Because the Fund's investments are comprised of underlying investment funds, the foregoing tests will be based primarily or solely on the security position data ("Position Data") derived from each of the underlying investment funds in which the Fund is invested (each, an "Underlying Fund").  BNYM will therefore need to enter into suitable arrangements with each Underlying Fund to obtain such Underlying Fund's Position Data.  Due to the highly confidential nature of each Underlying Fund's Position Data and other factors, the parties anticipate that most if not all of the Underlying Funds will require that BNYM agree not to disclose such information to third parties, including, in particular, the Fund (each, a "Non-Disclosure Agreement").
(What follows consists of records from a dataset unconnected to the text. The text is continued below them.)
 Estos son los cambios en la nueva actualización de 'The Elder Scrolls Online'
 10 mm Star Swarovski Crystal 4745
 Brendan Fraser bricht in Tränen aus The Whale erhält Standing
The Fund will assist BNYM in its effort to enter into a customary and appropriate Non-Disclosure Agreement with each of the Underlying Funds; however, BNYM shall not be obligated to enter into any specific Non-Disclosure Agreement with an Underlying Fund except upon such terms reasonably acceptable to BNYM, including appropriate provisions regarding limitations of liability, indemnification and any such other appropriate terms and conditions, consistent with the parties' regulatory requirements and applicable laws and regulations.

Once the parties have negotiated a suitable Non-Disclosure Agreement with each Underlying Fund, on a monthly basis each Underlying Fund will provide its Portfolio Data to BNYM as of the then-previous month's end in a format mutually agreed to by the parties.  BNYM will aggregate the Portfolio Data from each Underlying Fund ("Aggregated Position Data"), perform the quarterly Sub-Chapter M calculations based on such Aggregated Position Data and provide a report of the results of such testing to the Fund and its auditors.
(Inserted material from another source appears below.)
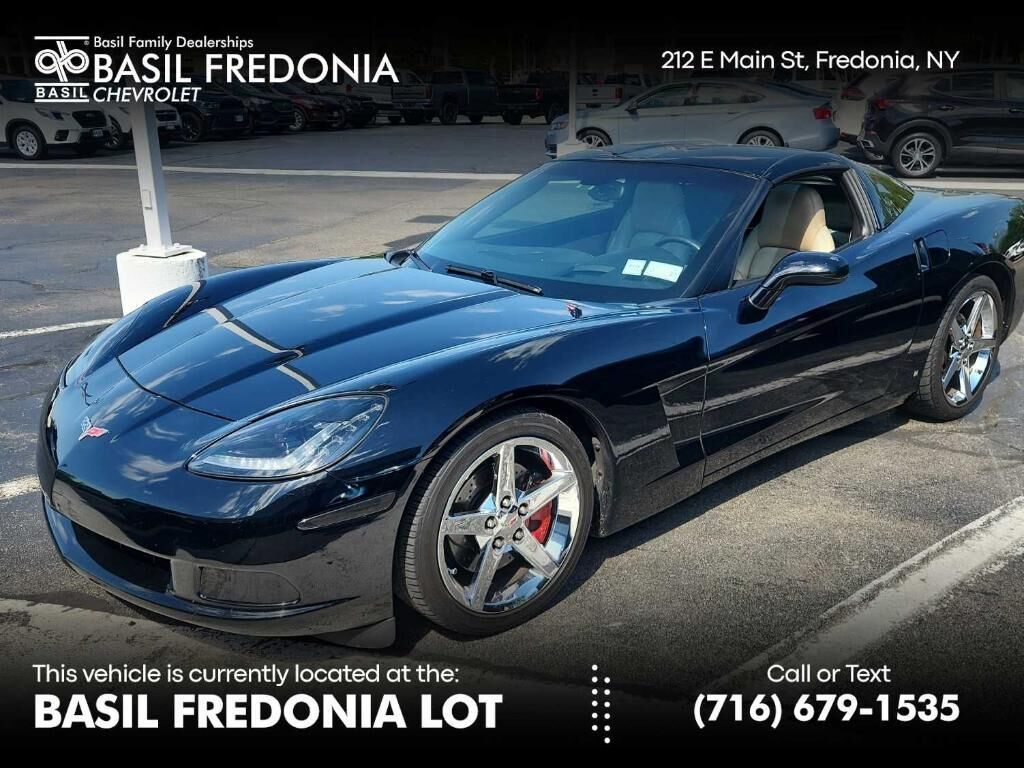 2007 CHEVROLET Corvette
Nothing herein shall serve to prohibit or otherwise limit the ability of BNYM or its affiliates to enter into an administration or other servicing relationship with any Underlying Fund.  BNYM shall be under no duty or obligation to take any action with respect to Portfolio Data other than as expressly provided for herein.  For the avoidance of doubt, BNYM shall not be liable or responsible for the accuracy of any Portfolio Data, and BNYM shall be under no duty hereunder to validate, verify or confirm such Portfolio Data.  BNYM shall not be liable or responsible for the failure or refusal of any Underlying Fund to provide the Portfolio Data to BNYM on a timely basis.  The Fund acknowledges, consents and agrees that BNYM is entitled to and must maintain the confidentiality of Portfolio Data and not disclose such Portfolio Data to the Fund (even if such Portfolio Data is material or adverse to the Fund's interests), and the Fund hereby waives any claims or liabilities arising from BNYM's possession of such material or adverse Portfolio Data.  Except as limited herein, the provision of Sub-Chapter M Services by BNYM shall otherwise be subject to the terms and conditions of the Agreement (including, without limitation, the standard of care and limitations of liability provisions herein).  For the avoidance of doubt, BNYM may, in its sole discretion, engage sub-contractors to perform any of the obligations contained herein provided that BNYM shall remain responsible for the acts or omissions of any such sub-contractors.

Upon the request of the Fund, BNYM will contact an Underlying Fund which holds non-qualifying assets or assets which are not expected to generate qualifying income for consent or permission for BNYM (under the terms of the applicable Non-Disclosure Agreement) to disclose to the Fund the fact that such Underlying Fund holds such assets, but under no circumstances shall BNYM have any liability or further responsibility (including, without limitation, any disclosure obligation) in the event that an Underlying Fund fails to consent or otherwise permit such disclosure.